◆ **What is being asked**: Skip pictures in the listing below; copy exactly the lines from the one with "Detailed view of" through the one with "circle shaped black", inclusive.

◆ **Supplied material**:
BEGIN

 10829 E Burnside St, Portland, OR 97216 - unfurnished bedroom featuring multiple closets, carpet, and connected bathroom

END
BEGIN

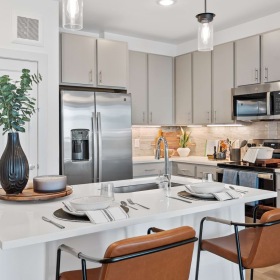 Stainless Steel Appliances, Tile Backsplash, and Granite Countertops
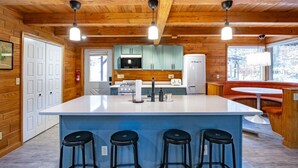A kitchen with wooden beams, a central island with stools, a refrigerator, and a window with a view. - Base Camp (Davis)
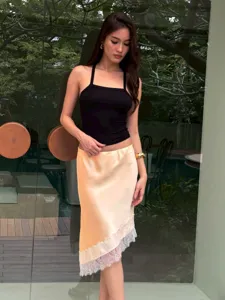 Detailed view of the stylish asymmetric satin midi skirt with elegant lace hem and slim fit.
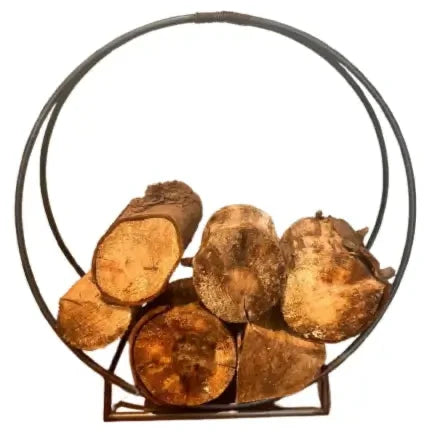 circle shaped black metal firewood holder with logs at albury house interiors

END

◆ **Problem solution**:
 Detailed view of the stylish asymmetric satin midi skirt with elegant lace hem and slim fit.
 circle shaped black metal firewood holder with logs at albury house interiors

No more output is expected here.